Tuesday, December 08, 2015

Catching up with Sierra Nevada Celebration Ale.

Photo credit: Its own page.

The single most hellish aspect of aging are the times when you think something happened last month, and it turns out to have been five years ago. Consequently, most readers already know the point of today's digression.

First, some personal history.

At some point in the late 1990s and early 2000s, I'd pre-order as many kegs of Sierra Nevada Celebration Ale as North Vernon Beverage could acquire via hook or crook, and we'd pour them at the Public House for weeks on end.

Probably a keg each year was deposited directly into my stomach. It's a wonder we ever made any money. Holiday sentimentality is utterly lacking in my interior world, and yet this annual arrival of Celebration Ale truly came to define the Thanksgiving and Christmas seasons.

In later years, the world evolved; NABC began its own brewing operation in 2002, and in 2005 came the first Saturnalia festival, as explicitly devoted to "celebrating" winter and holiday seasonal draft beers.

In the years since, I've had my ups and downs with Sierra Nevada itself. To this very day, it still seems to me that an aspect of the company's crucial foundational California mythology was lost forever when it began brewing in North Carolina. However, this is not the point of my digression.

A couple of weeks back we were out shopping for groceries. I needed beer for sauerkraut, bean and mushroom soup, and Bridge Liquors was just around the corner, so we stopped there for a couple of bottles of Paulaner Salvator.

Remember: Never, ever use water in soup.

While browsing Bridge's packed aisles, I saw six-packs of Celebration Ale and couldn't resist the temptation. Having paid very little attention in recent years, what threw me at first glance was the changed label design, which is gorgeous, and the words "Fresh Hop IPA."

The simple fact is that while we always knew Celebration Ale was a hophead's delight, I can't recall many barroom discussions centering on whether it was or wasn't an IPA. We simply accepted it was what it was, and remains: Celebration Ale.

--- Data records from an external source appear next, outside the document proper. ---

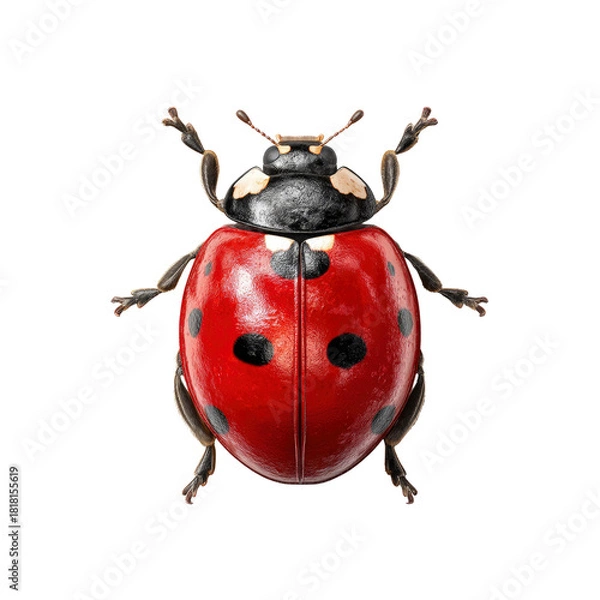 Obraz Detailed ladybug on black background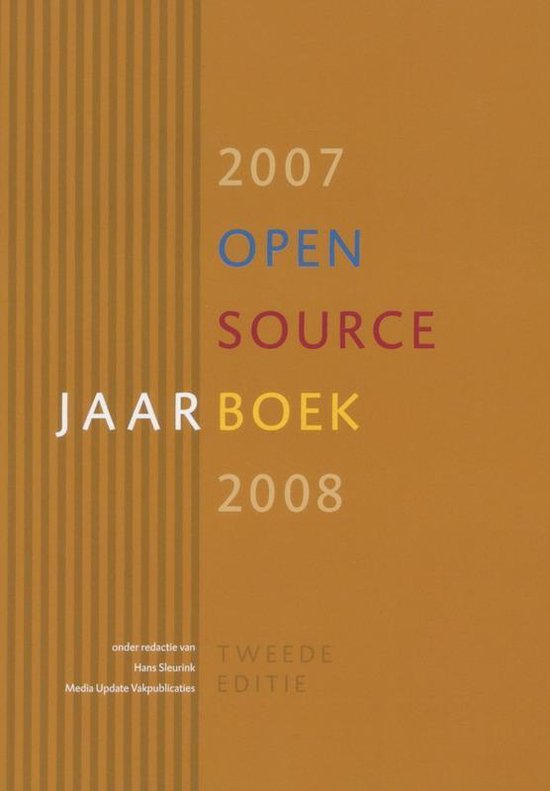 Cover van het boek 'Open Source Jaarboek / 2007-2008'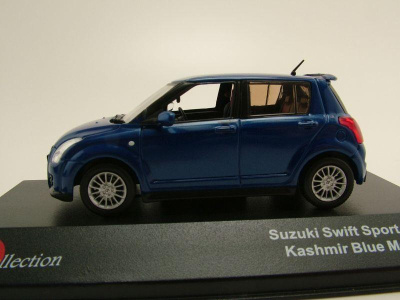 Suzuki Swift Sport 2007 blau metallic Modellauto 1:43 J-Collection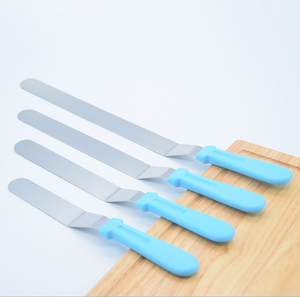 <span class=keywords><strong>Amazon</strong></span> Hot Acero inoxidable para hornear pastel en ángulo glaseado espátula Offset decoración glaseado raspador herramientas para crema con 6 "/8"/10" - Product Image 4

It's the same way I feel about NABC's Elector; not this or that, but merely Elector, itself.

Concurrently ... those various annual "Harvest" releases were designed to be Sierra Nevada's showcase for "fresh" hops, weren't they?

Hence, this belated effort to rectify my grasp of semantics, and now it makes sense to me, because ...

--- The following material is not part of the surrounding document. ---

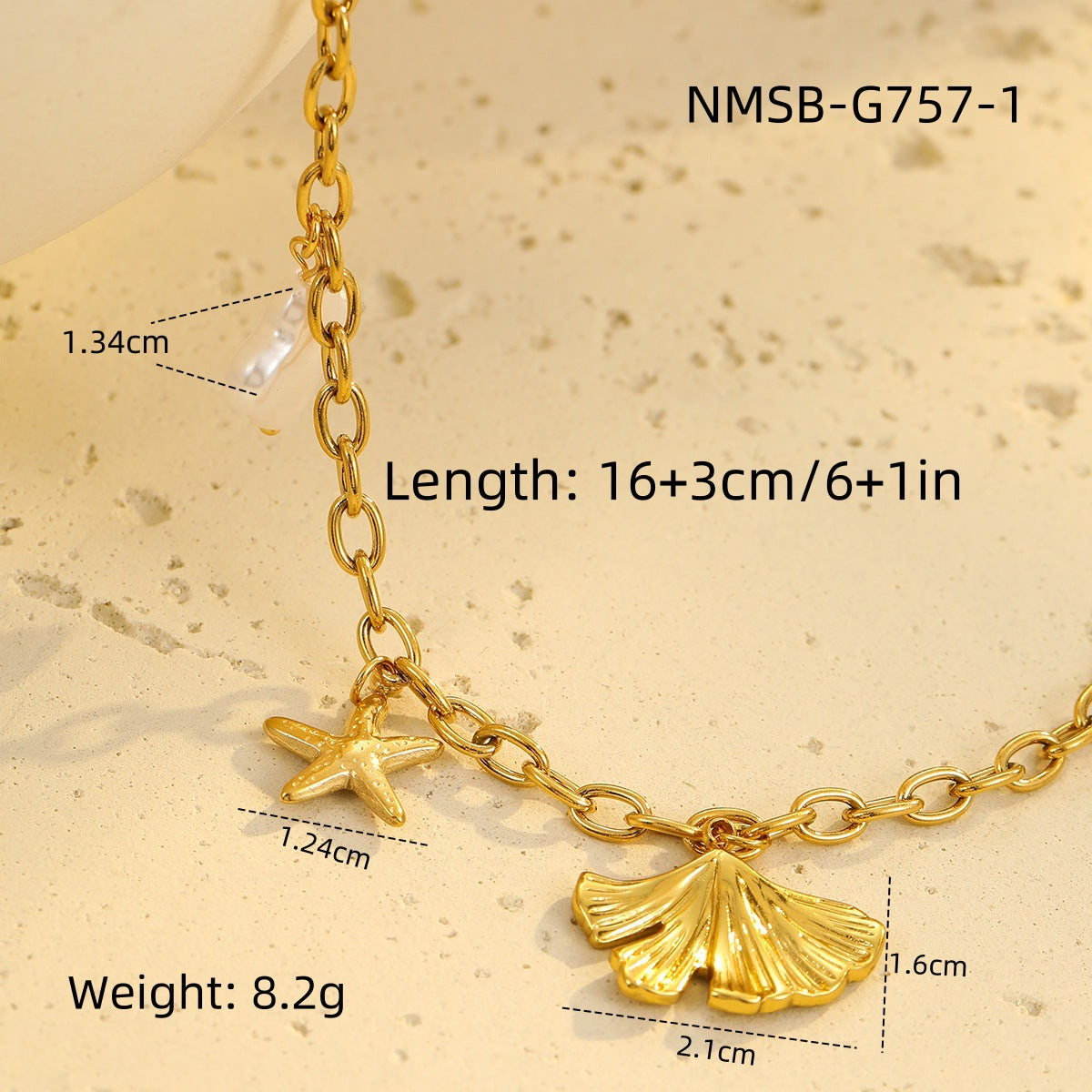 Wholesale Beaded Marine Style Bracelet Stainless Steel Stacked Bracelet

The word "IPA" wasn't on the label in 2013, and appeared for the first time in 2014.

The Harvest series is about "wet" or unprocessed hops, while the significance of "fresh" in Celebration Ale, according to wording first deployed in 2010, is that the finishing hops (Cascade and Centennial) are selected, dried and used immediately. These distinctions are explained in detail by Heather Vandenengel at All About Beer:

A FRESH CELEBRATION: THE ORIGINS OF CELEBRATION ALE

Celebration Ale, which has been in production since 1981 and in its current form since 1983, is an enigma of a beer. It’s a holiday beer, so consumers might expect it to have the standard spices—nutmeg, cinnamon—but instead will find hop aromas and bitterness akin to an IPA. Since 2010, Sierra Nevada Brewing Co. has labeled it as a fresh hop ale, garnering confusion with wet hop ales, which are also often referred to as fresh hop ales.

Finally, at the risk of waxing curmudgeonly, I will never in my life consider Celebration Ale to be an IPA. To me, the attempted specificity mars the legend. It's a one-off, and should remain that way.